I’m speaking more to them grabbing the prey with their legs and just holding it to death. They also rip and peck with their beak as they hold the unfortunate snack. The same would probably be true for dinos with short arms minus the beak thing but they would use teeth instead.
Go look at an ostrich skeleton, and you’ll quickly realize that the arms on a t-rex skeleton have been posed backwards from what they should be. They’ve traditionally been posed based on the assumption that the skeletons were related to lizards. In reality, they’re avian, (we’ve found plenty of evidence that they had feathers, for instance,) and the tiny arms easily could’ve been wings like an ostrich. An ostrich skeleton also has the distinctive tiny arms like a t-rex, but they’re rotated 180 degrees to work as wings instead.
Their arms are small, but beyond that there’s basically nothing similar between them and an ostrich’s wing. The muscular anchor points are not similar at all to winged creatures, who require significant musculo-skeletal connection to the breastbone even in mostly vestigial wings. You can see this in the ostrich skeleton as the large “blob” of bone in the middle of the rib cage. There is nothing similar in the T-Rex. Even more of a problem with this theory is that the T-Rex’s popularity is in large part due to the fact that we’ve discovered a fairly large number of T-Rex fossils in good condition and not substantially disturbed… It’s why we have famous models like “Sue” and “Black Beauty” that make such good displays in natural history museums.

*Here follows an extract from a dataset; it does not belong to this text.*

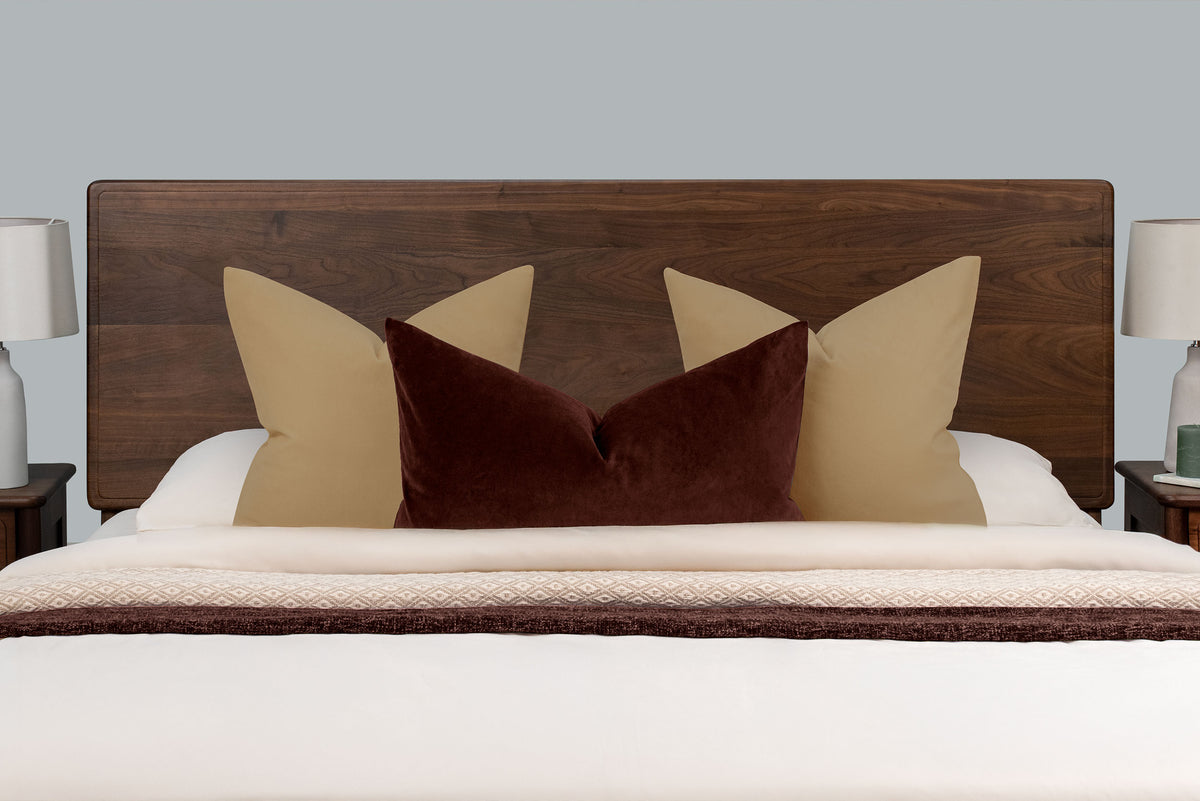 Mayfair solid walnut double bed headboard, front close-up with tan and burgundy scatter cushions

Unless you’re proposing that a dozen different skeletons from several different regions with different ages all had bones shift after death to end up in the same position…

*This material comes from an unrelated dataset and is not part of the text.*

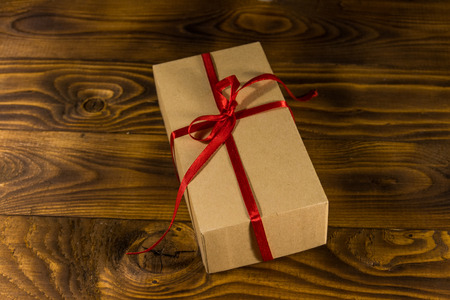 Cardboard gift box with red ribbon on wooden tableの写真素材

Our knowledge of what dinosaurs looked like is not perfect, but we’ve also come a very long way from the Magdeburg Unicorn or horned Iguanodons of the 1800s. Paleontology has largely moved past “puzzle piece” biology, where things are just haphazardly thrown together because they kinda look like they fit. There’s comparison to other species - not just reptiles- to see what are comparable modern equivalents or to other contemporary animals. There’s kinematics and musculature considered. Unless some fossil discovery is made that completely upends the evidence we have now, at least in the case of skeletal articulation of well-known and well-studied species like T-Rex, we can be reasonably confident that we’ve got it pretty close when it comes to what their skeletons looked like.